Sunday, October 11, 2009

Emotionally unstable...

While i was watching a show from Ch68 today... My sister passed me a Letter telling me, "Aiya, your birthday coming, must be from some insurance or agency la"

But i do not know why, after looking at "just" the envelope, i said, "i dun think its from any agency, coz of the special sticker behind" *and the writings...*

But after i opened and read the birthday card greetings...

I... i broke down... why? i don't know... Perhaps its the sad show i watching that i've already been emotionally affected.

Maybe because the wordings... as it all looks so familiar... (i really do not know if i shld cry or smile) really... i do not know...

Hi there,

To the someone whom didn't mention your name.

If you are reading this... thank you, I've received the birthday wishing card you sent

Even thou, a simple card of wishing... but the impact is big.

Thank you...... thank you for your best wishes... I'll treasure the card received.




Evening...

Was out sending my childhood friend "Bryan" to the airport for he'll be away for 2mths to USA and Japan for holiday... (Feeling so empty now...)

I've been very busy with school for a year plus. Just recently, i've put up most of my time to accompany my this childhood friend.

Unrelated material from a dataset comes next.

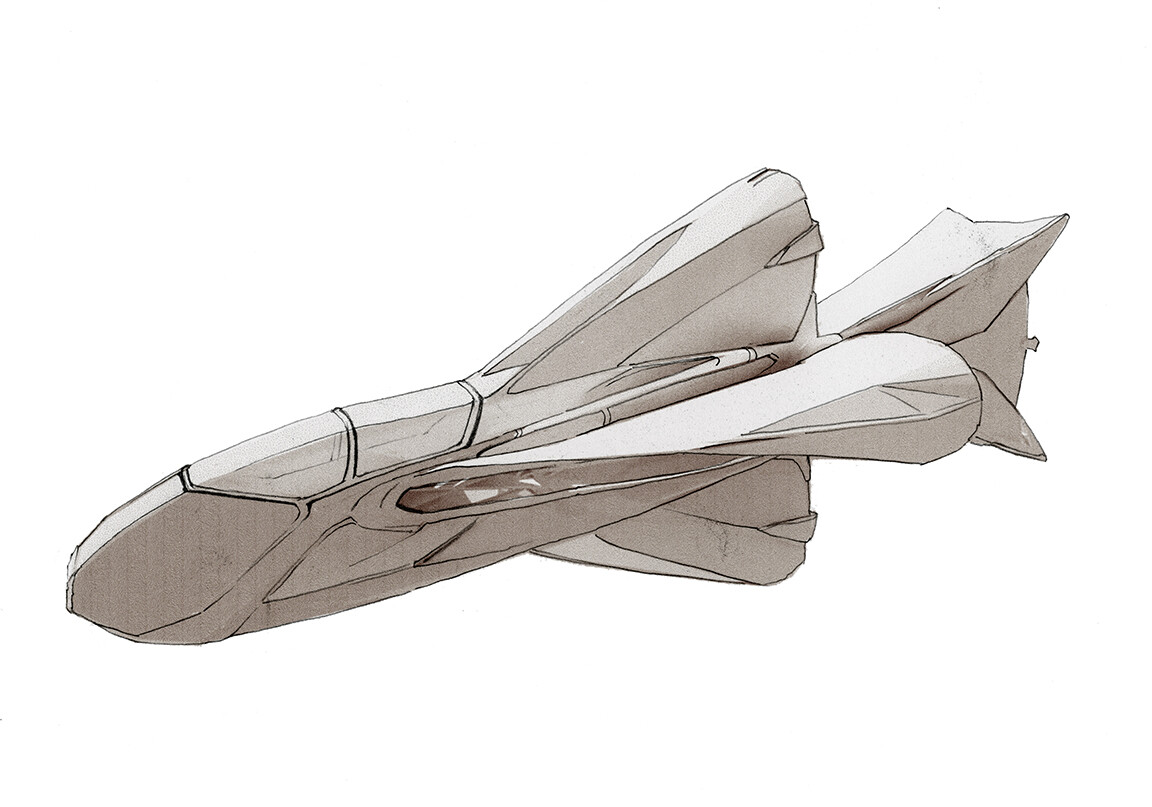 Sketched on Paper from a Blender created Ship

For the past 2mths or more, we've been going out together before he ORD. To sports, shopping, movies, supper, out with our friends or even to both our hse to chill and chat. (btw... dun be mistaken, as both our moms are best friends thats why he is my childhood friend. so close that i treat him like a brother)

After sending off my childhood friend.

Suddenly it came to me to realize that. Even if its brother ever since young... or even if its someone "Close to you" or "Lover" during the period of time spent together, left you... even so if its just for a 1wk, you may even feel empty without him/her...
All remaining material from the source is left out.